The complexity increases even more when we look at how this setup incorporates priorities. As there are no longer explicit per-priority lists like in the O(1) scheduler, the CFS simulates this by shrinking/expanding the time slices of low/high priority processes. This is similar to what we’ve discussed above, that time slice durations can be used to emulate priorities. As such, if a high priority process executes for 10ms on the CPU, the timekeeper might only record that it spent 5ms of “virtual time”. This gives the task a “priority boost” when the scheduler next goes looking for a new task.
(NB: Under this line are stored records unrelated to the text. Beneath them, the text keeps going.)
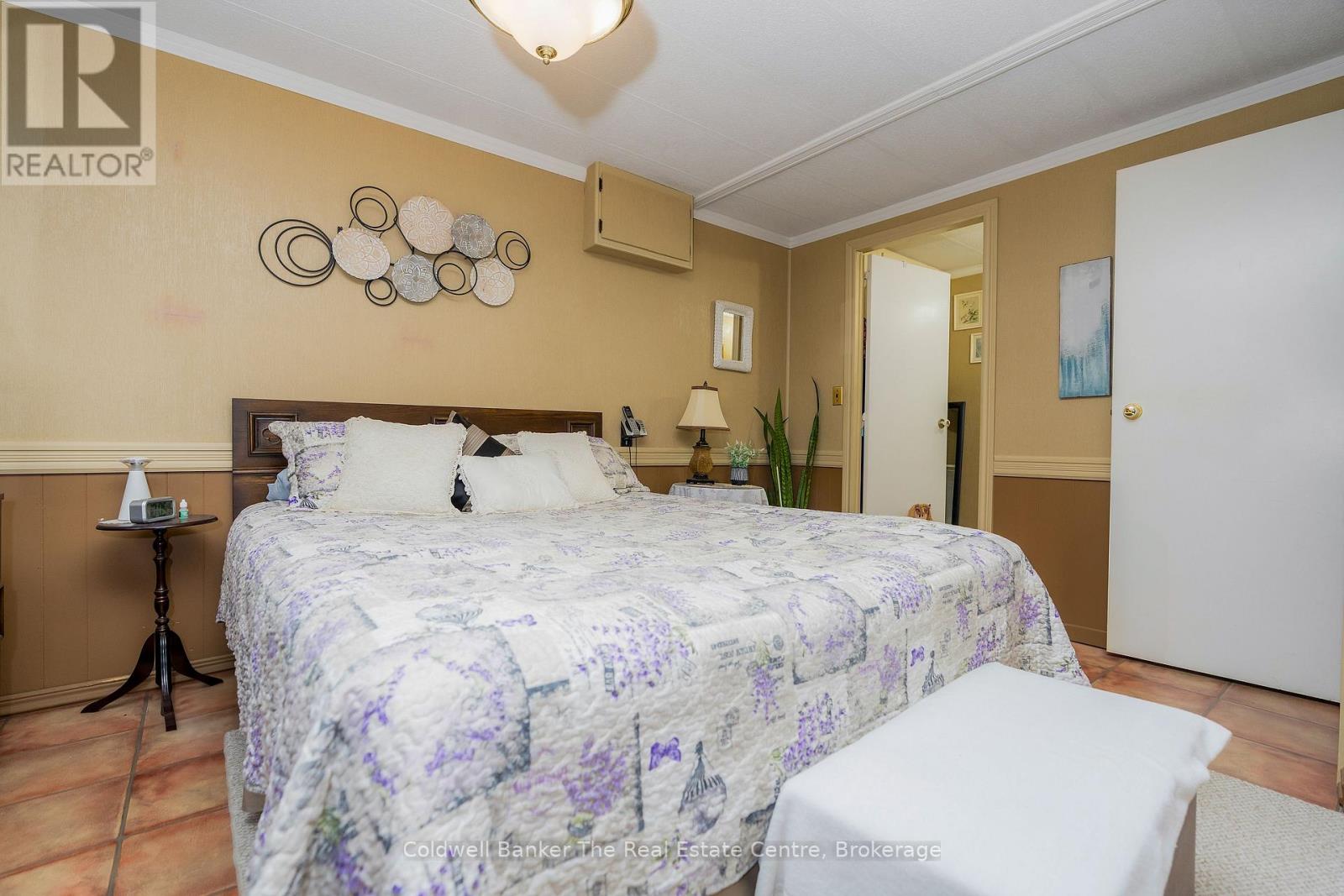 Single Family House Bungalow for Sale in  MCCARTHY DRIVE Clearview (Brentwood) 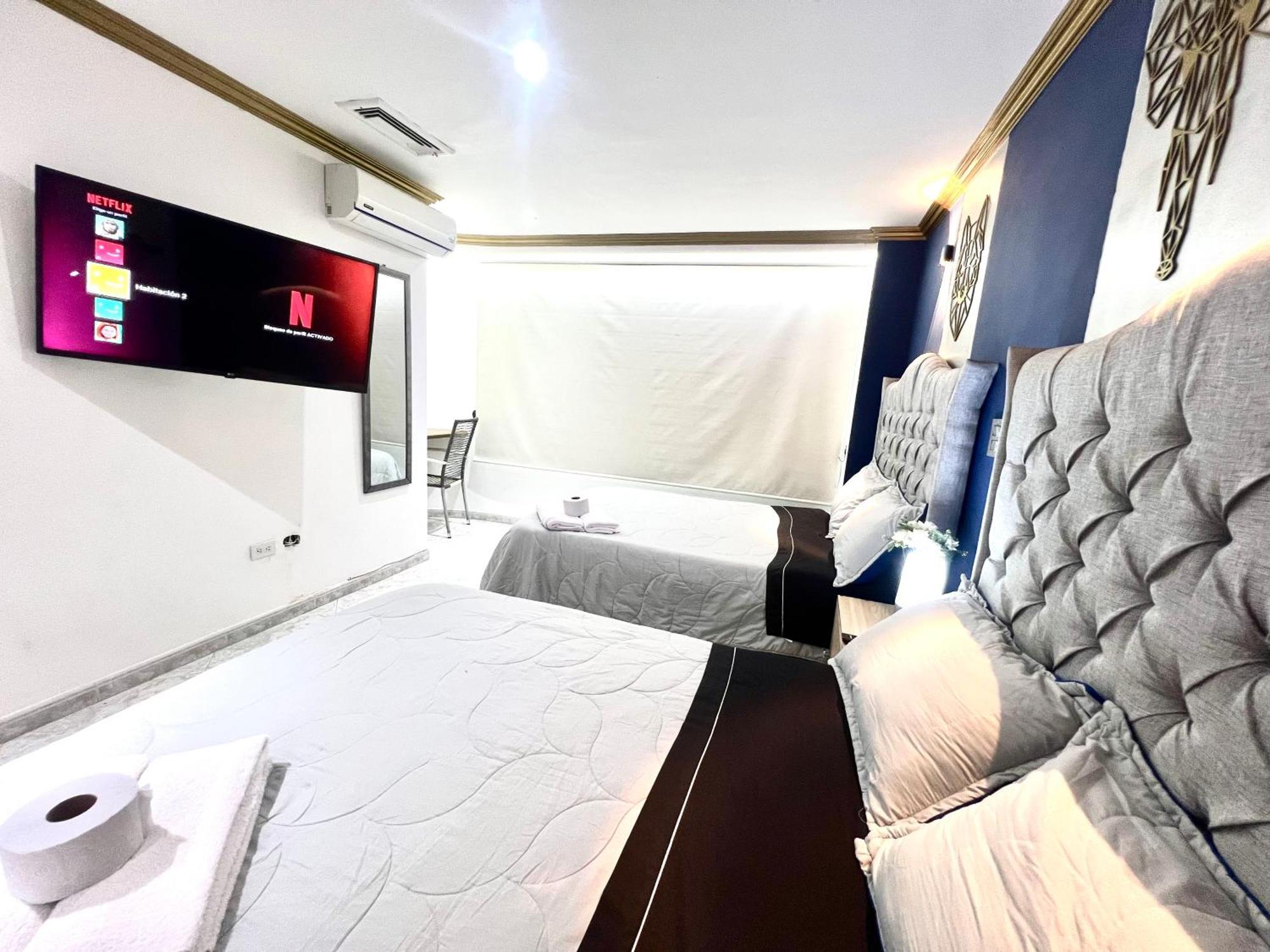 Homestay De Lujo Con Aire Acondicionado - 2 Camas Dobles Cartagena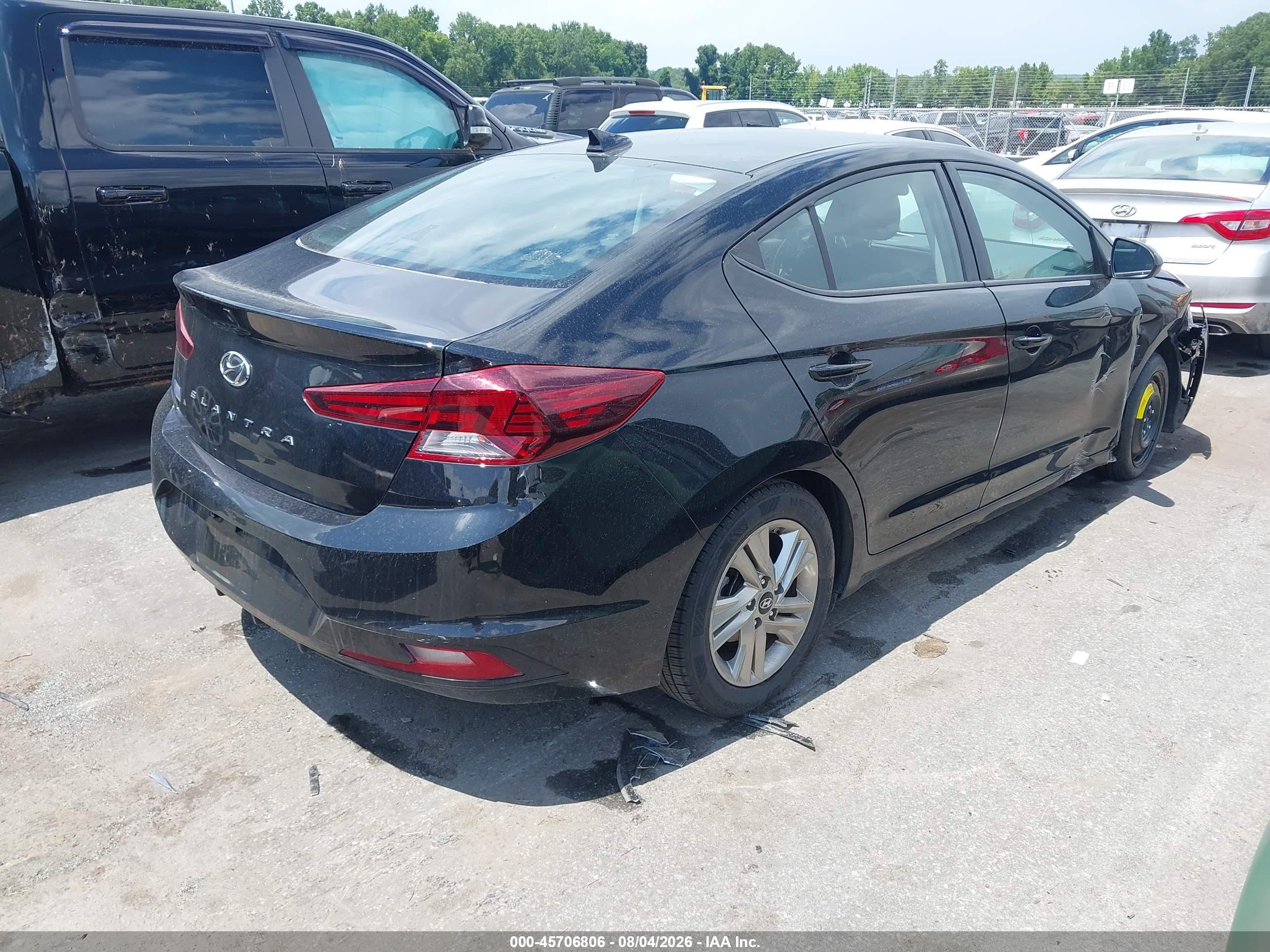 2019 Hyundai Elantra Sel Black vin: 5NPD84LF2KH447811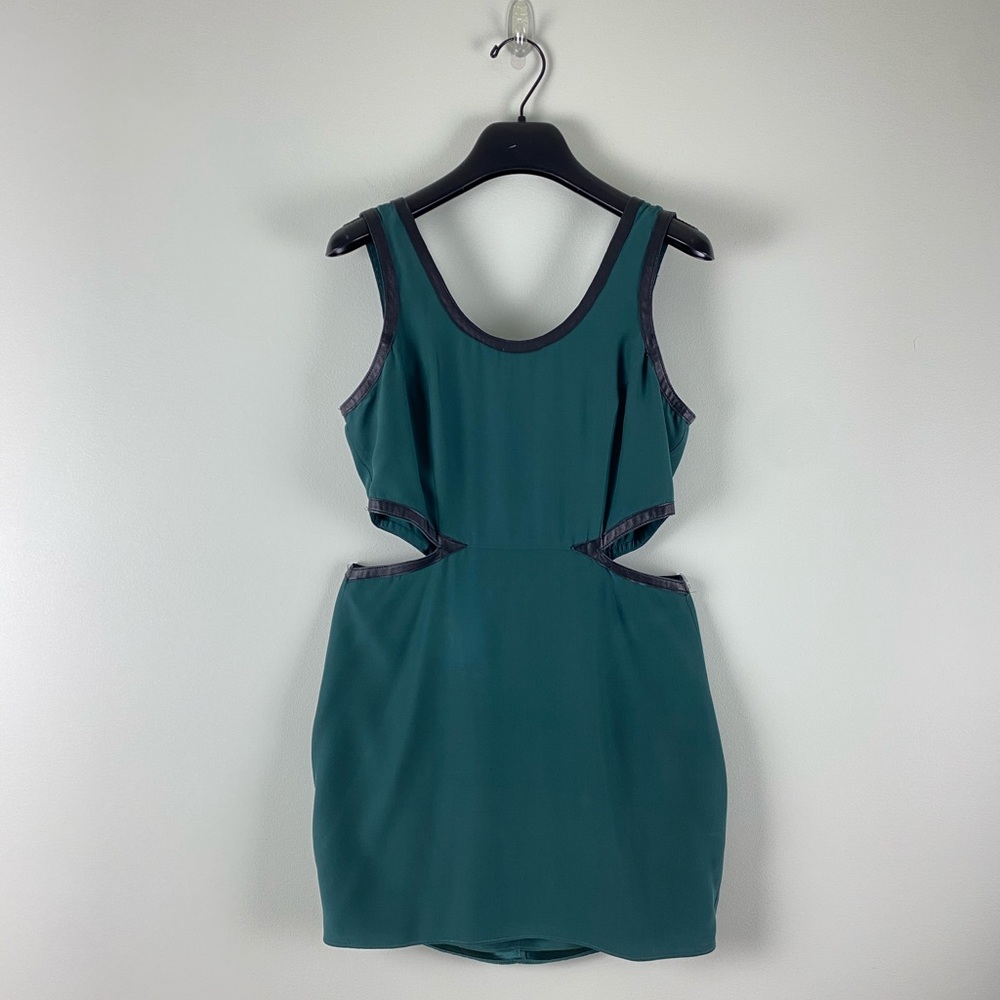 Parker Open side leather trimming silk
The opposite is done for low priority tasks (e.g., 10ms of runtime can become 20ms of “virtual time”). We can see this is no longer a “completely fair” scheduler in practice, but it’s quite elegant in how it combines interactivity, priorities and time slice lengths in practice.

For more information on CFS you can read the kernel documentation here. For the daredevils … you can even read (or modify, at your own risk) the kernel C code here.

Other schedulers

As might be expected, these are not the only schedulers that exist, even within Linux. There a many schedulers available and, certainly, there will be many more to come. Just a small grasp of existing schedulers:

  • Brain F*ck Scheduler (Linux)
  • Noop Scheduler (Linux)
  • Task Scheduler 1.0 (Windows)
  • Task Scheduler 2.0 (Windows)
  • JobScheduler (iOS)

Look up at least 1 other scheduler (for example one used in Windows) and grasp its main concepts and compare it to how Linux works.